The development of image recognition systems is a complex and highly specialized process, which requires expert knowledge in areas of image recognition and machine learning. Although image recognition systems have a large potential for future applications in everyday life, their application, as of today, is limited by the lack of access to appropriate development tools. The purpose of this project is the development of a software framework for users without expert knowledge in the areas of computer vision and machine learning. The development of such a software framework requires the adaptation of the standard development process in computer vision to the needs of non-expert users. In detail, the framework developed and presented in this work, called FOREST (Flexible Object REcognition SysTem)
- highly automates the development process
- simplifies the development of non-automatable components, and
- provides intuitive user interfaces which require no training or previous knowledge.

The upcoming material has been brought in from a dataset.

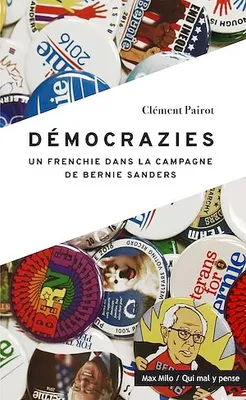 DEMOCRAZIES, Un frenchie dans la campagne de Bernie Sanders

In contrast to existing development tools, FOREST does not aim to provide a tool for a specialized development process, but instead lets users adapt its generic recognition functionality to the intended recognition task. FOREST requires only an image data source and the annotations for the image data to learn a classifier for the intended task, e.g., the recognition of left open windows.
FOREST implements its flexible recognition functionality by providing a large set of different image region detection and feature description algorithms. A Boosting classifier is then used to select discriminative image features for the intended recognition task.
The efficient annotation of images is an important aspect for the successful deployment of such a framework. Therefore, efficient annotation techniques were investigated and a semi-automatic annotation process was proposed. An image data set is clustered according to similarity and presented to the user, who may efficiently annotate clusters of images in one go. The clustering can be interactively recalculated using an adapted similarity metric, based on partial annotations provided by the user.